With the recent update I assume the “no dust” applies when doing a pure BTC dividend distribution as well?
Previously it was limited to the dust limit. If the distribution amount was 1 satoshi per token, a user needed at least 5430 tokens to receive the dust amount of 5430 satoshis. If the user didn’t have enough tokens they simply didn’t get anything. Dividend issues / questions
No, I don’t think so. Pure BTC dividends are not actually a Counterparty protocol feature. It’s just a regular BTC multi-send, with the addresses and amounts calculated based off current token holders. So the dust limit still applies. The way I have gotten around it in the past is to create a BTC “proxy token” (BITCOINEX in my case) which is redeemable at a 1:1 ratio. Then the normal dividend function can be used with no dust limit at all, and users redeem as necessary. The downside is that it creates an extra step, and of course you have to trust whoever is providing the proxy token redemption.
Hope the dust limit gets lowered, guess it would have to if bitcoin prices continue to increase.
The best workaround for my case I think would be to choose another Counterparty token as the currency to distribute if too many token holders are missing out on an eventual BTC payment.
@cryptonaut I’m slightly curious and wondering about a few things.
Is BITCOINEX active? If i’ve understood it correctly, shouldn’t the swapbot/exchange address have the equivalent amount of BTC in it as the outstanding amount of BITCOINEX? Currently that would be ~1.7BTC?
As for trusting the redemption service, could a smart contract be applicable to the vending machine/swapbot part of the process? If so, how would that work? (In layman terms if that’s possible)
@willH your correct on how BITCOINEX should work normally. The project is in somewhat of a hiatus. The automated bot (wasn’t using swapbot, uses an earlier prototype) was being glitchy and causing problems, so I took it down. Since nobody is actively using the token much at all (just some people still collecting free payments from one of my other projects which is also not very active), I’ve since been manually handling BTC redemptions by request and have the funds in a different wallet. If/when I start doing more with BITCOINEX or see more interest in it, I’l work on reviving the fully automated 1CoinEX redemption address.
As for trusting the redemption service, could a smart contract be applicable
I think it probably could yeah. You could have it so the reserve funds are permanently locked into the contract and can only be released when valid proxy tokens are deposited.
That would be pretty neat. With a smart contract one could basically create a decentralised bitcoin ETF. I have no idea how traditional ETFs actually work, but if tokens and BTC can be locked in a contract and released whenever they’re deposited, such a DETF would be like a transparent Fort Knox.

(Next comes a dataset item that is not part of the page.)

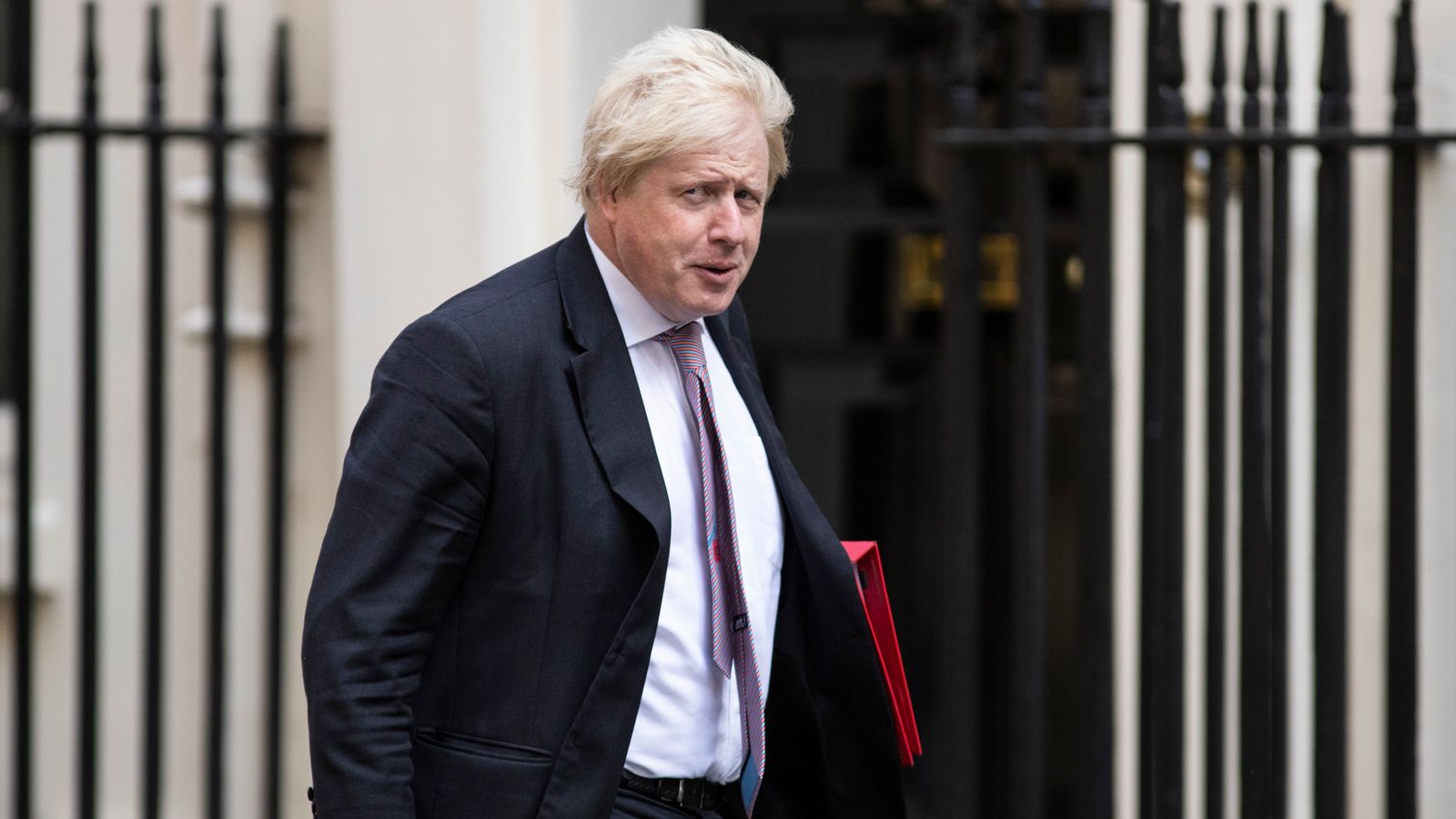 Johnson si dimette dalla carica di primo ministro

Or maybe the better comparison for such a proxy token would be cash when it was backed by gold. The value proposition for “meta-bitcoin” would be the same as bitcoin itself thanks to the contract.

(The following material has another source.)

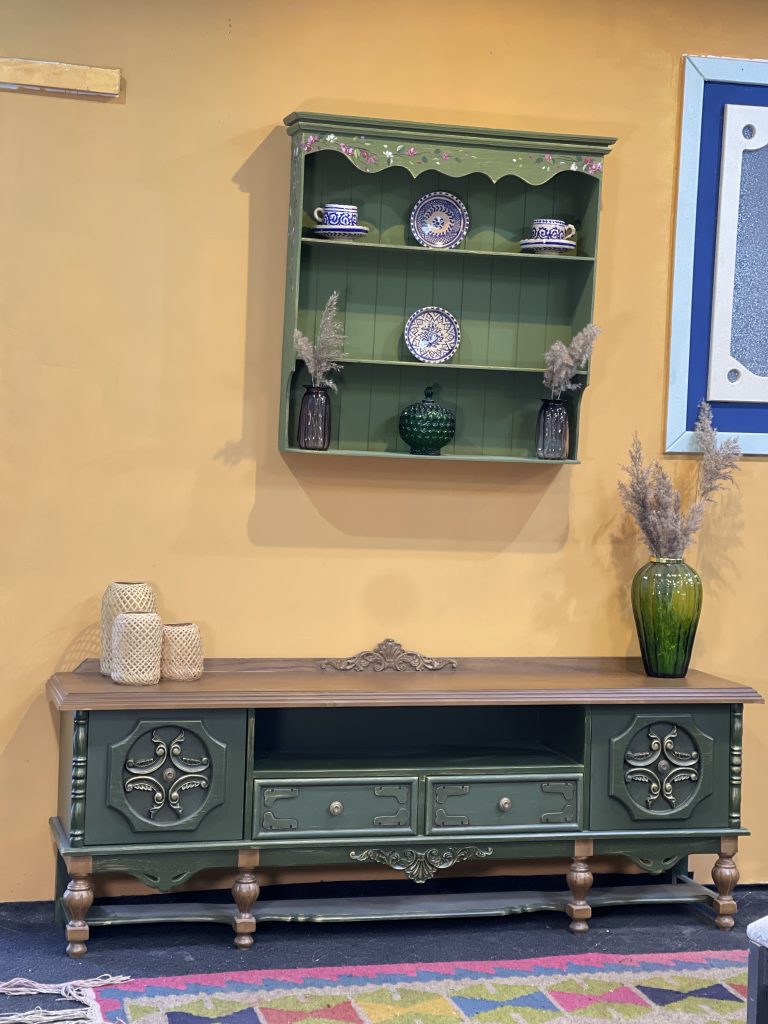 میز تلویزیون لاکچری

Not an expert myself, but there are active and passive; active are managed (by people, mostly) while passive are what could work well here too - for example ETF1 would hold a fixed number of tokens of 3 currencies, ETF2 would hold 85% BTC, 15% LTC, etc. Of course here we could have “tokens” as shares and currencies as … well, currencies.

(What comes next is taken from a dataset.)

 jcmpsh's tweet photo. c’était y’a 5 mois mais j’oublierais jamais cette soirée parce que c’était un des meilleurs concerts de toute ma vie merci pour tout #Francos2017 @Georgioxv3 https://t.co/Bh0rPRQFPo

ETFs rebalance, so a question is what happens if one of the components tanks… If you hold a fixed amount by quantity, the answer is nothing. If you hold by value, then you have to rebalance, i.e. sell other stuff and buy the crashing coin… It’d be quite risky (and/or expensive) because crypto markets are open 24x7 and volatility is high, so if the “manager” takes a day off and some major component implodes during a long weekend, there is nothing to save the holders.